RAG Pipeline Overview

1. INDEXING (done once)
   Documents → Chunks → Embeddings → Vector Database

2. RETRIEVAL (per query)
   Query → Embedding → Search DB → Top-K chunks

3. AUGMENTATION (per query)
   Context = System + Retrieved chunks + Query

4. GENERATION (per query)
   LLM(Context) → Response

Why RAG Works

Advantages:

Access to knowledge beyond training data
Up-to-date information (update the index, not the model)
Domain-specific knowledge (your protocols, data, papers)
Traceable sources (know where answers come from)
No fine-tuning required

vs Fine-Tuning:

RAG: Dynamic, updatable, traceable
Fine-tuning: Static, expensive, requires expertise

Embeddings Revisited

From the LLM Primer:

Embeddings = vector representations of text
Each token gets mapped to a high-dimensional vector
Similar meanings → similar vectors

New concept: We can create embeddings for entire chunks of text, not just tokens

Semantic Similarity

Text embeddings capture semantic meaning

Example:

"BRCA1 mutation" 
"breast cancer susceptibility gene defect"

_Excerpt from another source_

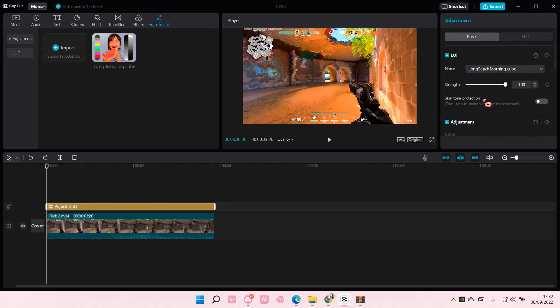I don't know how to pronounce that. You can also adjust the strength of the LUT here, and also enable the skin tone protection.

These have different words but similar embeddings because they mean similar things

This enables semantic search - find by meaning, not just keywords

The Indexing Phase (Step 1)

Goal: Prepare documents for efficient retrieval

Steps:

Load documents (PDFs, text files, databases, etc.)
Split into chunks (more on this next)
Generate embeddings for each chunk
Store in vector database (specialized DB for similarity search)

Done once (or when documents change)

Document Chunking

Why chunk?

Embeddings work best on coherent units of meaning
Retrieval precision (return specific relevant parts, not whole docs)
Context window limits (even retrieved text must fit)

Chunk size tradeoff:

Too small: Loss of context, fragmented information
Too large: Less precise retrieval, more noise

Typical sizes: 200-1000 tokens per chunk with 10-20% overlap

Chunking Strategies

1. Fixed-size chunks

Split every N characters/tokens
Simple but may break mid-sentence/concept

2. Sentence-based

Split on sentence boundaries
More coherent but variable size

3. Semantic chunks

Split on topic changes
Best coherence but computationally expensive

4. Structure-based (for scientific papers)

Split by section (Abstract, Methods, Results, etc.)
Preserves logical organization

Chunking for Scientific Papers

Recommended approach:

chunks = [
    {"section": "Abstract", "text": "...", "metadata": {...}},
    {"section": "Introduction", "text": "...", "metadata": {...}},
    {"section": "Methods", "text": "...", "metadata": {...}},
    {"section": "Results", "text": "...", "metadata": {...}},
    {"section": "Discussion", "text": "...", "metadata": {...}}
]

Benefit: Can prioritize sections by query type

“How was this done?” → Methods
“What did they find?” → Results

Vector Databases

Regular database: Exact match queries

SELECT * FROM papers WHERE title = "BRCA1 mutations"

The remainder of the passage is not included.